Soules was charged with leaving the scene of a fatal car crash, a class D felony. If convicted, he could face as many as five years in prison.
Soules' lawyers are asking the Iowa Supreme Court to interpret the specific portion of Iowa Code — 321.263(2) — under which the reality TV star is charged.
The court has interpreted other portions of the same Iowa Code relating to leaving the scene of a car crash and has "twice dismissed charges improperly brought under that statute," according to court documents filed by Soules' lawyers.
By filing an interlocutory appeal, Soules’ attorneys are asking the Iowa Supreme Court to judge the facts of the case before it goes to trial.
As "a public figure," Soules lawyers wrote in his appeal, "an unnecessary trial" could be "even more damaging."

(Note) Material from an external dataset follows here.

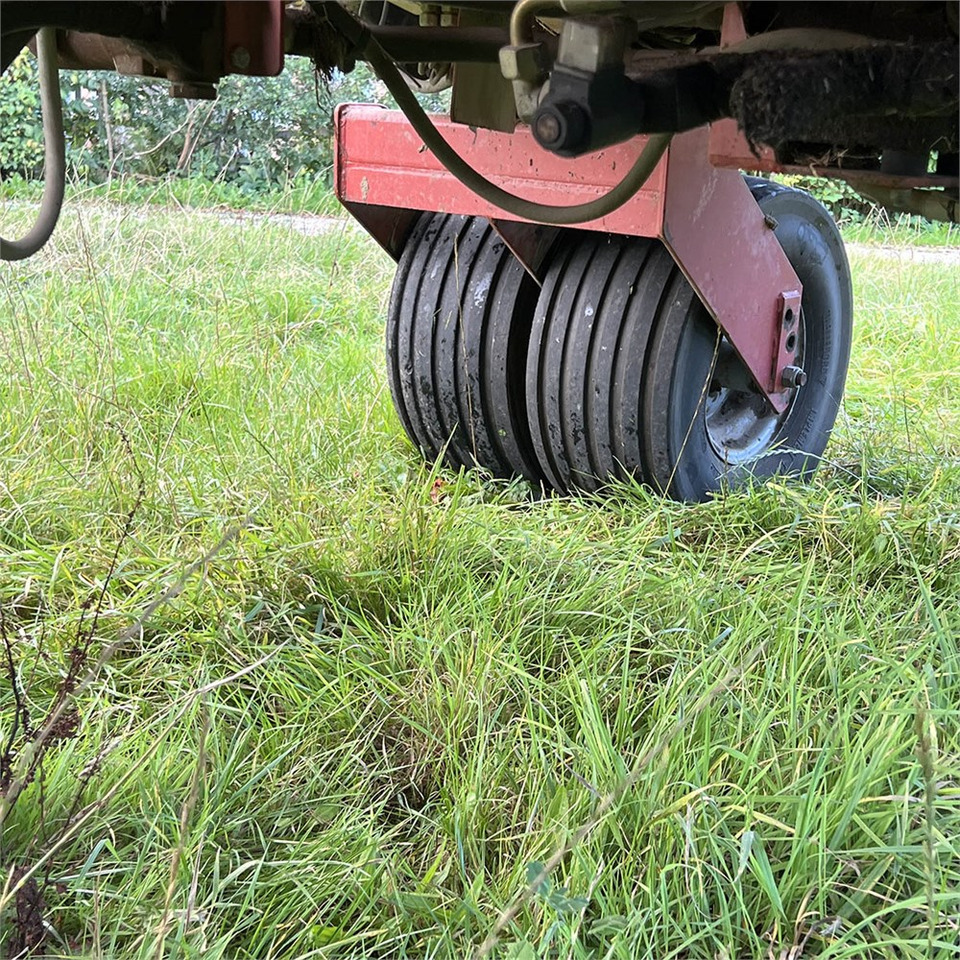 Máquina para produção de feno New Holland BB940R: foto 22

“If Mr. Soules is forced to proceed to trial and then appeal, there would be no way to undo the publicity and restore Mr. Soules to his original position … ," the court documents read. "Addressing this questionable and fundamentally unfair charge, given these facts, prior to trial, better serves the interests of justice."

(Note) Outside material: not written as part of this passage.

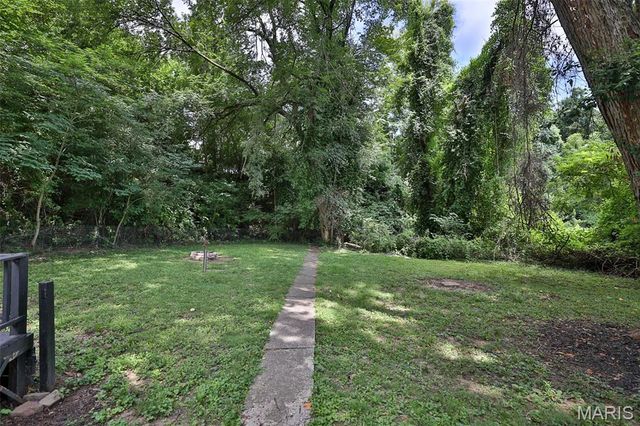 522 Shelly Street, Alton, IL 62002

Soules lawyers declined to comment on their appeal Tuesday. Buchanan County Attorney Shawn Harden was unavailable when reached Tuesday afternoon.
New details emerge
Soules' defense team also revealed new information about the night of the crash in their filing, citing minutes of testimony that are sealed to the public.

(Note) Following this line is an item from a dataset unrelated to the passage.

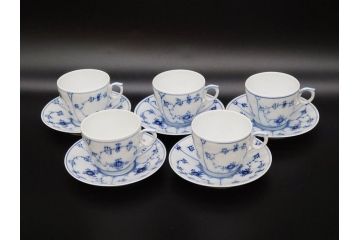 デンマーク　ROYAL COPENHAGEN(ロイヤルコペンハーゲン)　ブルーフルテッド プレイン　繊細な絵付けがエレガントなコーヒーカップ&ソーサー5客セット(洋食器、C&S)(R-078346)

Soules was driving a pickup truck below the posted 55 mph speed limit, the court documents read. After the crash, four other individuals arrived on scene "nearly immediately."
While administering CPR to Mosher, Soules told an emergency dispatcher "that Mr. Mosher had blood coming out of his mouth and, after performing chest compressions, found a pulse," according to the filing.
"After blood began coming from Mr. Mosher's mouth and Mr. Soules stopped CPR, none of the other four individuals nearby on the scene restarted CPR," the documents read.
Soules remained on the phone with the dispatcher for more than 5 minutes, court documents said, and waited to direct emergency responders to Mosher.
"Mr. Soules did not depart the scene until several minutes later, after speaking with emergency responders and assured they had the situation in hand," the filing stated.
The tractor Mosher was driving was identified as a 2640 John Deere, which doesn't have an enclosed cab.